Exercise requirements:
Starting at the line that holds "North Sails Gray Casual Shirts for men", quote every line through the end of the records, both boundary lines included. Omit the pictures.

(Captioned web images)

=-=-=-=-=

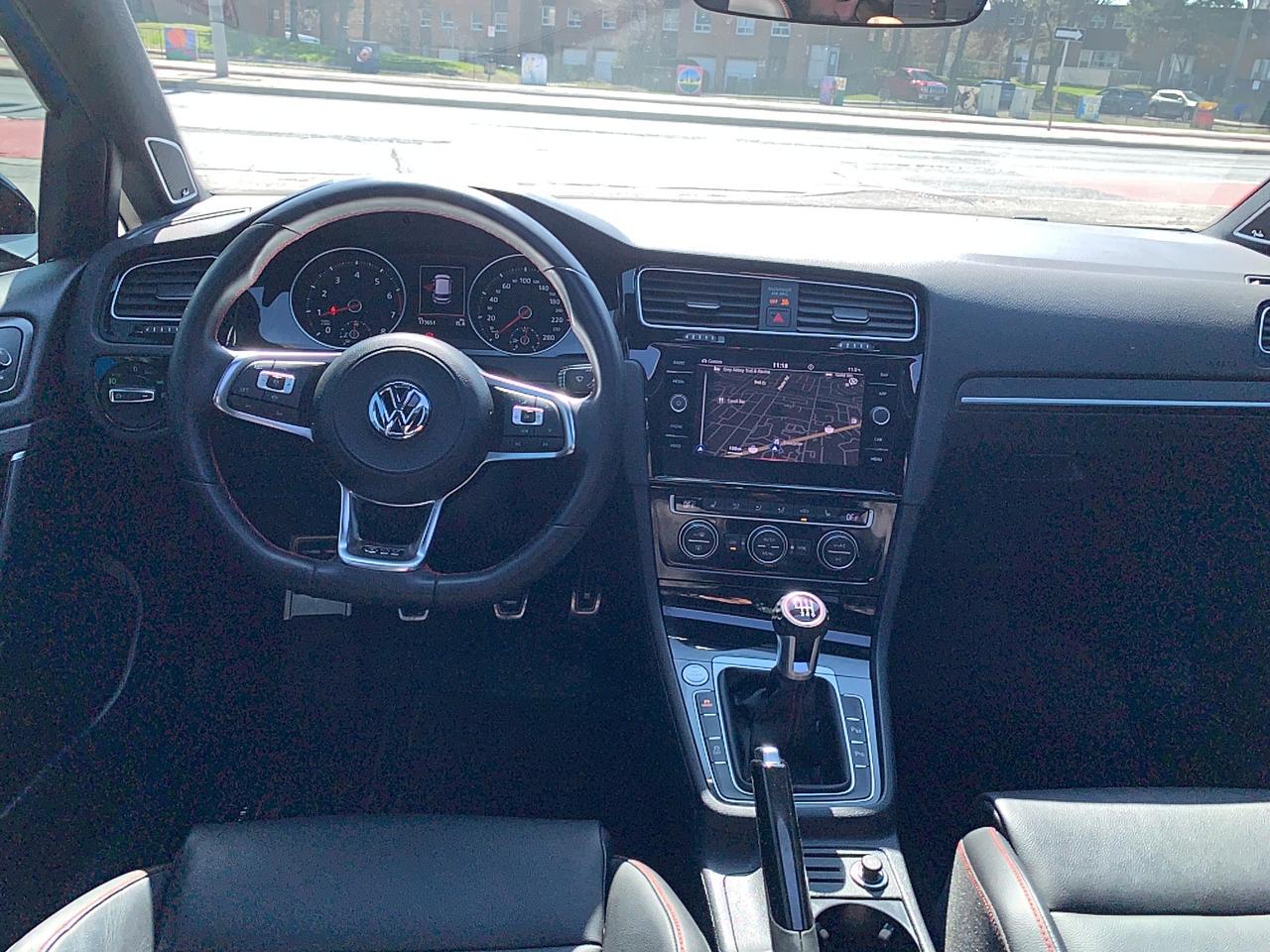 2021 Volkswagen Golf AUTOBHAN/ 6SPD/ NAVI/ REAR CAM / SUPER MINT / AC / Photo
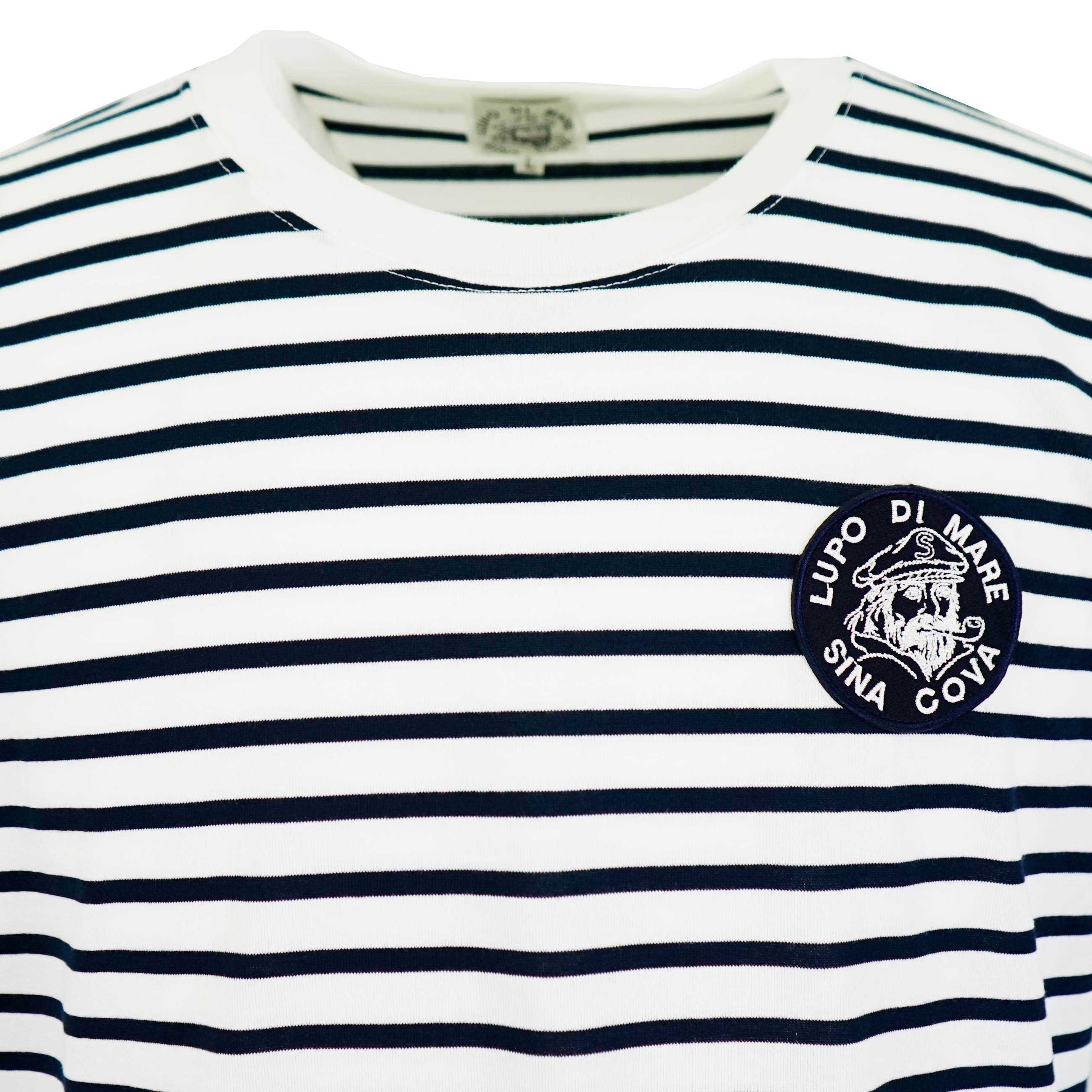 [Official] SINA COVA Striped Short Sleeve T-Shirt 24220513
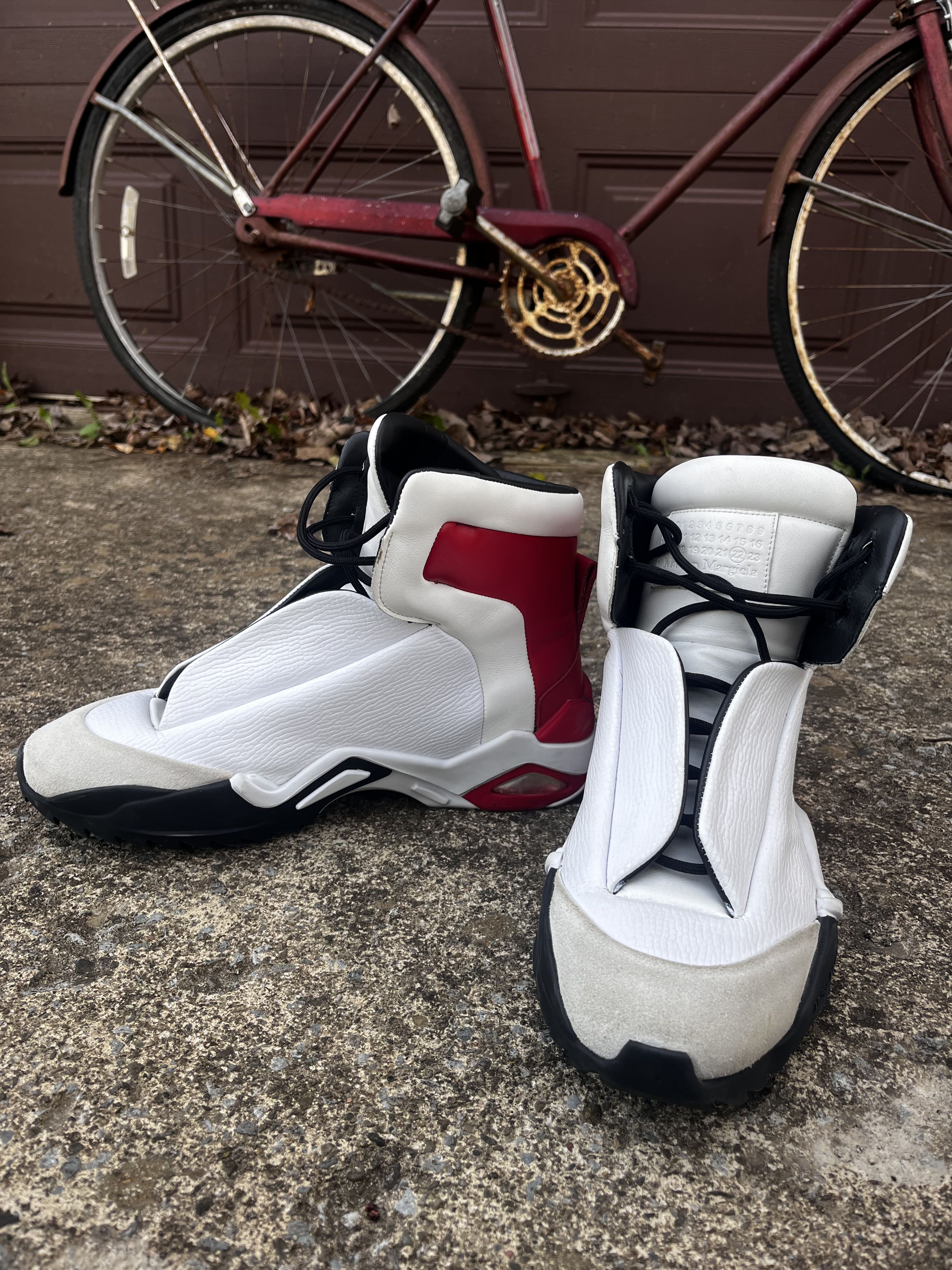 Maison Margiela Maison Margiela New Future Hightops Size US 10.5 / EU 43-44 - 7 Thumbnail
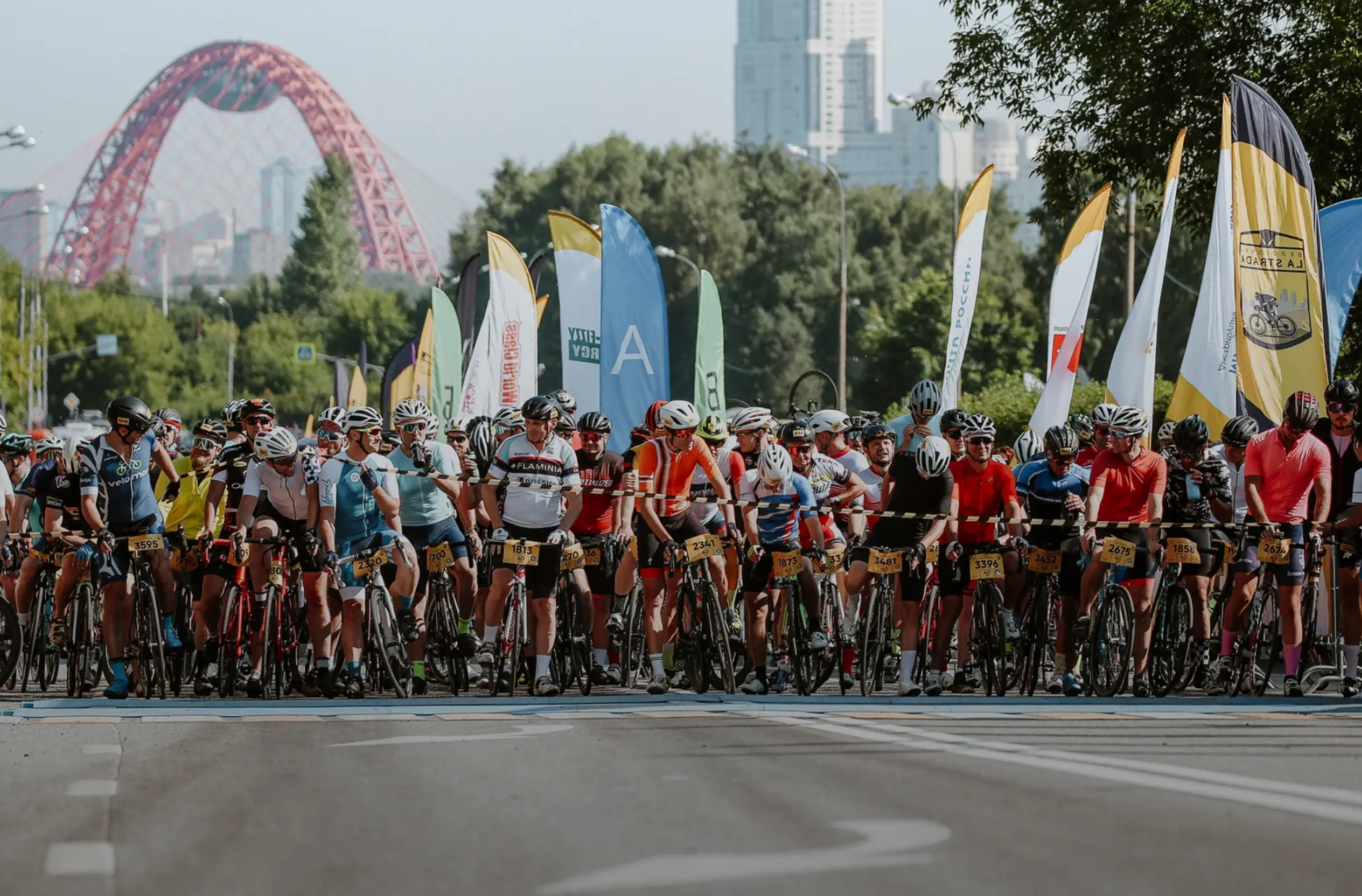 30 июня в Москве пройдут велогонка и велофестиваль La Strada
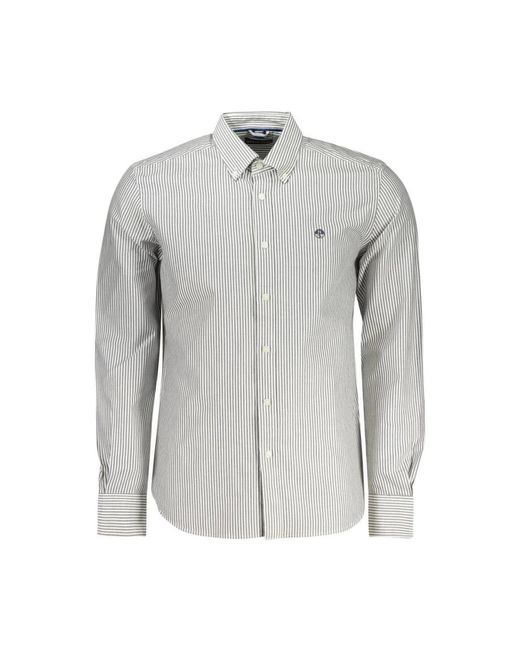 North Sails Gray Casual Shirts for men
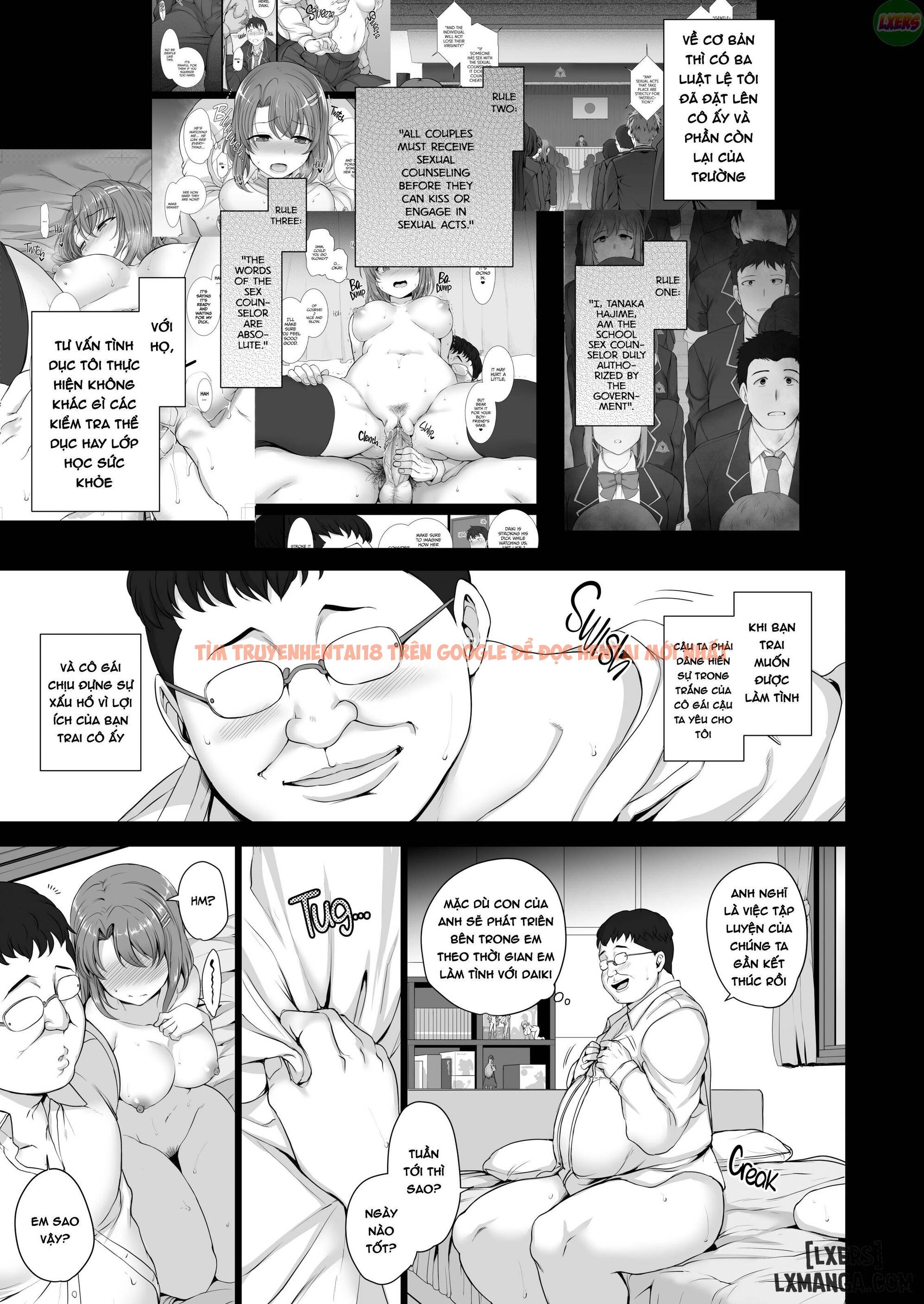 Trang truyện 8 trong truyện tranh Hypnotic Sexual Counseling – Compilation 1 - Chap 2 - www.lxmanga.org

=-=-=-=-=

Reply:
 North Sails Gray Casual Shirts for men
 Trang truyện 8 trong truyện tranh Hypnotic Sexual Counseling – Compilation 1 - Chap 2 - www.lxmanga.org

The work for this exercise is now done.